_Exercise directions_: Quote word for word the lines below, beginning with the first and ending with the one that has "This winter we're". Drop the pictures.

_Data extracts_:

# # #

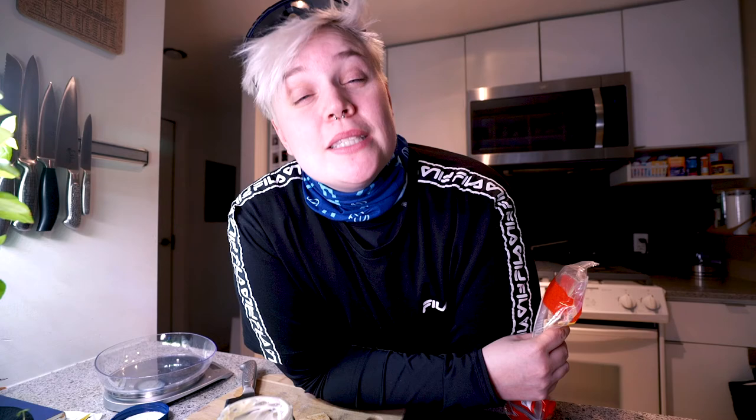As usual, thank you so much for joining me on Taste Test Tuesday. I hope you enjoy these videos and we will see you next week. Cheers!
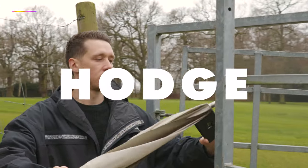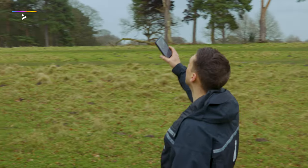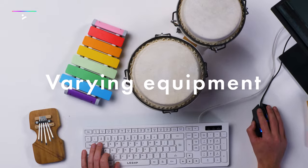Hi, I'm Hodge. In this course, I'm going to demonstrate how I utilize varying pieces of equipment and easily accessible tools to generate new ideas and have some fun in the studio. If you're struggling with a creative block, I think this course is a great way to inspire you.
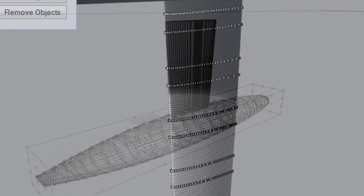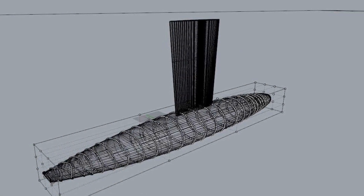This winter we're gonna make the biggest improvement till now. We're gonna change the bulkheads and add a new keel.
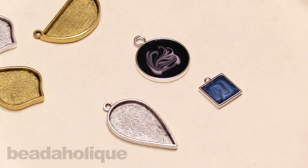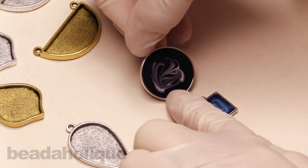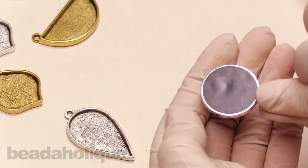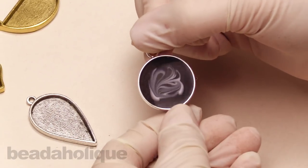Hi, this is Kat with Beadaholique. In this video, I'm going to show you how to achieve a marbled effect in resin. I have some resin here curing, so I'll get to that in just a moment. But first, I have a couple of examples to show you. One of these is actually a better example — it's an open back bezel, and you can see that the marbling doesn't really go all the way through to the back. I'm going to show you why that is when I demonstrate the marbling effect.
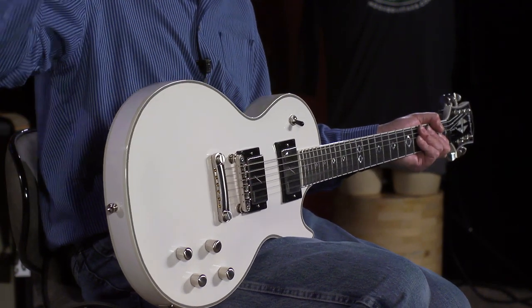This guitar is here, I love it, I'm going to play it some more. Y'all have a great day — we'll see you next time.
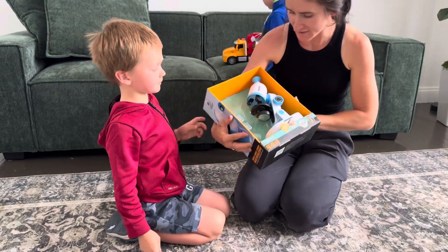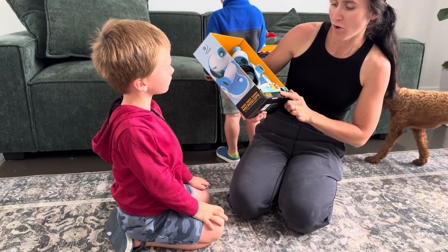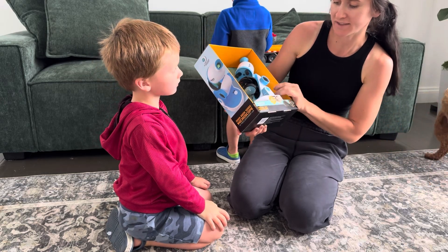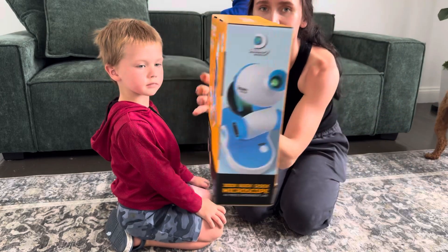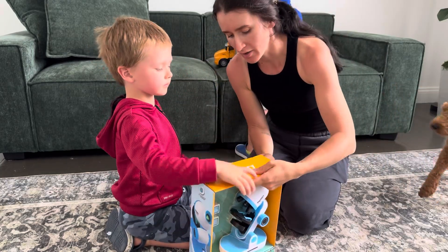Hello guys, we've got something exciting for you! We have received this Discovery microscope — it is a 41-piece experiment lab right here. It has all these amazing accessories included. Let's open it up!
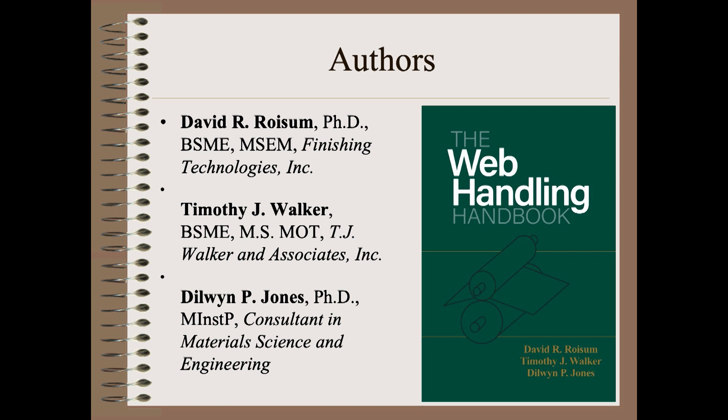I absolutely could not have written a book like this myself. My co-authors added so much valuable depth and breadth. Tim Walker is a well-known author, expert, and experimentalist in his own right. Dr. Dilwin-Jones was our go-to engineering and R&D resource, as well as the continuous conscience of the project by checking, rechecking, and checking yet again every item, even if it's as small as a period at the end of a line, or a subscript on an equation.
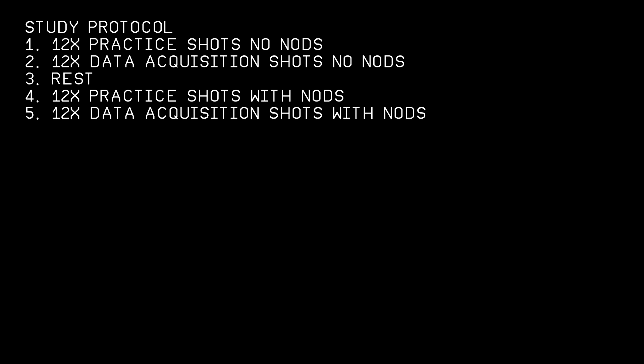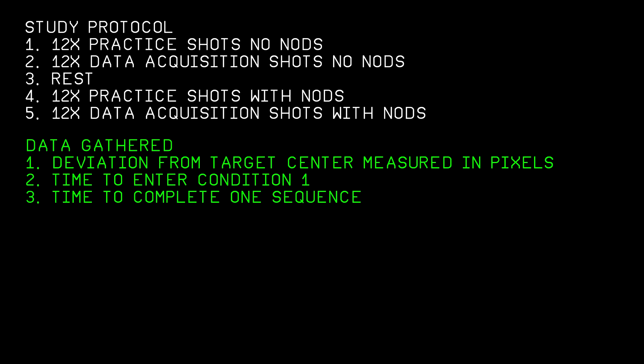So let's talk about how we're going to do this test. First, we're going to do 12 practice shots with no nods on to basically get zeroed in. Then we're going to take 12 data acquisition shots, recorded using a camera pointed at the target to record where each shot lands relative to the target center. Then we'll rest to allow any exhaustion to reset out. Then 12 practice shots with nods to zero in, followed by another 12 data acquisition shots. The data we'll be gathering: number one, how far shots land from the center of the target measured in pixels. We're also going to record the shooter and measure the time it takes to complete each step of the sequence — specifically the loading part — and how long it takes to complete one entire sequence from loading to shooting.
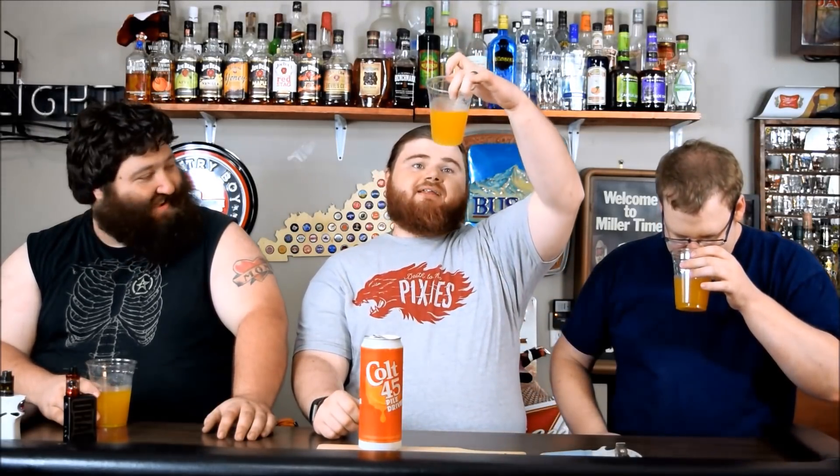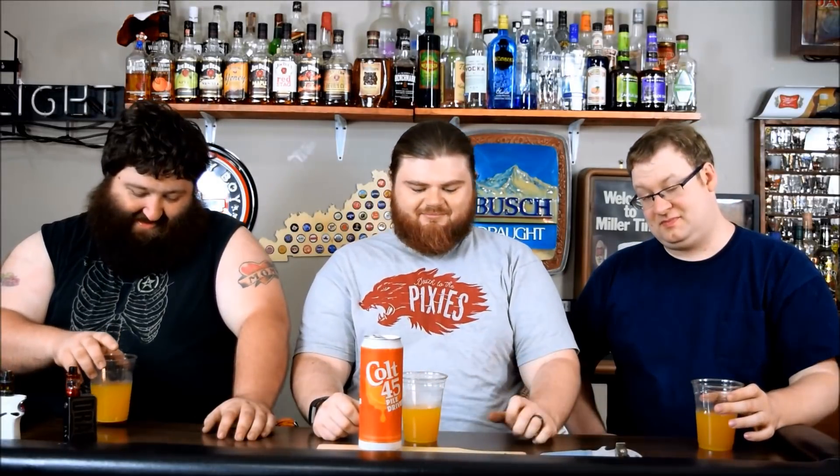My guess is they were like, let's make a Brass Monkey, but we can't call it a Brass Monkey, so we'll call it a Piledriver. Brass Monkeys are good. Oh wow, I can smell it — it smells very, very much like simple syrup. It is a Brass Monkey. It's very carbonated. I am disturbed by how that smells.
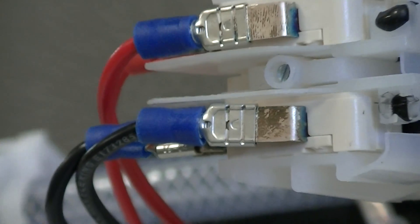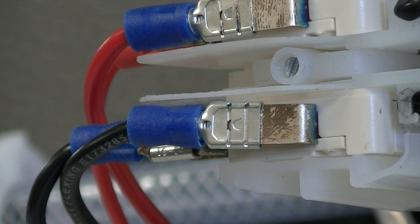The set screw is located in the center of the pressure switch. To raise the set point, turn the screw clockwise.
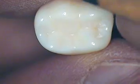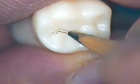Hello, this is Dr. Jerry Cuomo here with the Class 1 tooth preparation on number 19. Let's start by outlining the primary anatomy of the central groove.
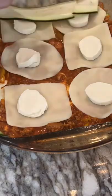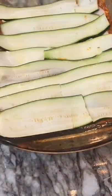Three types of cheese: provolone, mozzarella, and fresh mozzarella. Then another layer of zucchini, and do it all over again.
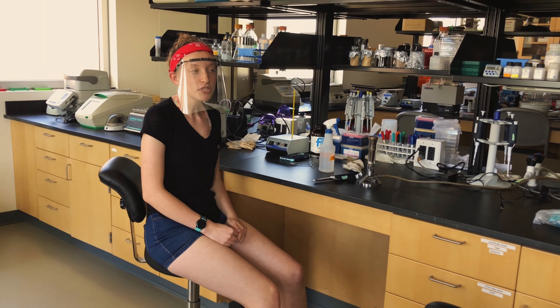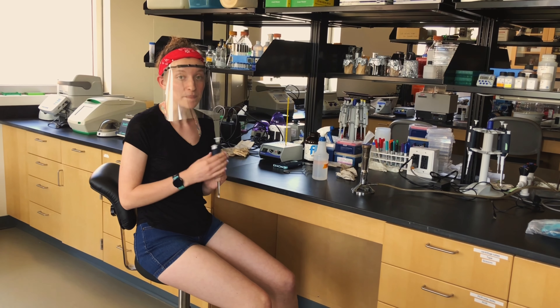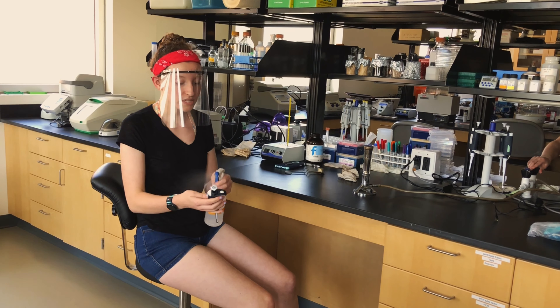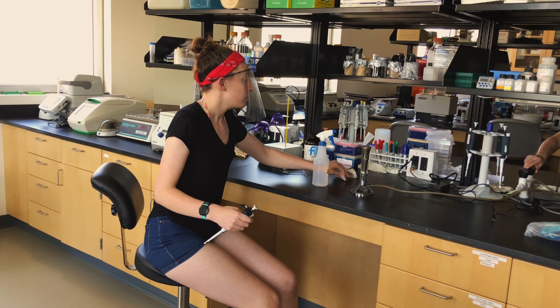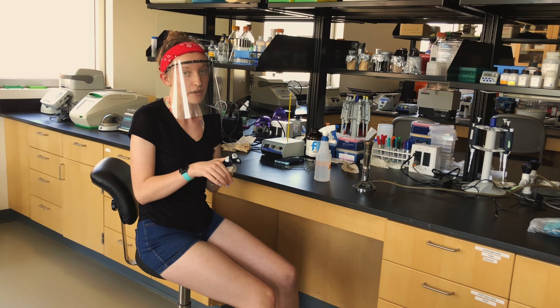Remember that after you are done working, all of your materials must be put away. Any common materials, such as pipettes, need to be sprayed down with 70% ethanol. Make sure that you wipe them down with a paper towel and then put them back where you found them.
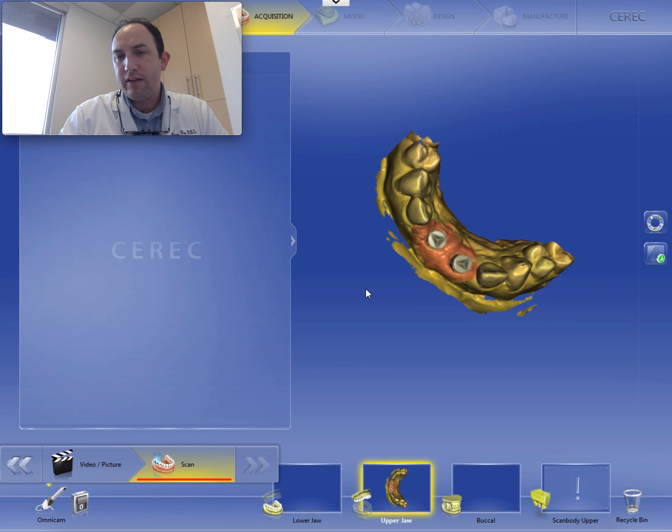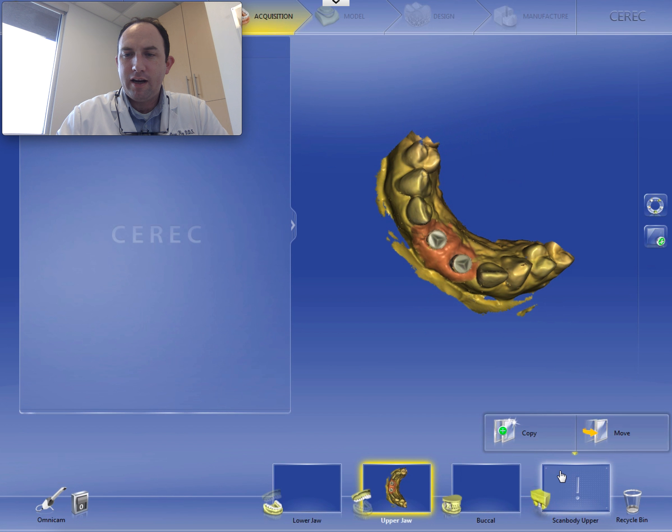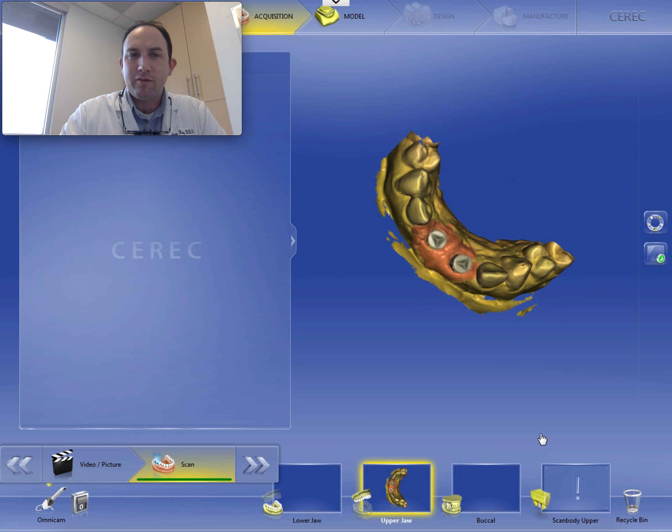I don't feel the need to create a separate scan set. So I'm going to grab this, drag it over, release the button, and hit copy. Now the computer is replicating that image set over there, and you can see we have the green check. So we're good to go.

# # #

_Task solution_:
As usual, thank you so much for joining me on Taste Test Tuesday. I hope you enjoy these videos and we will see you next week. Cheers!
Hi, I'm Hodge. In this course, I'm going to demonstrate how I utilize varying pieces of equipment and easily accessible tools to generate new ideas and have some fun in the studio. If you're struggling with a creative block, I think this course is a great way to inspire you.
This winter we're gonna make the biggest improvement till now. We're gonna change the bulkheads and add a new keel.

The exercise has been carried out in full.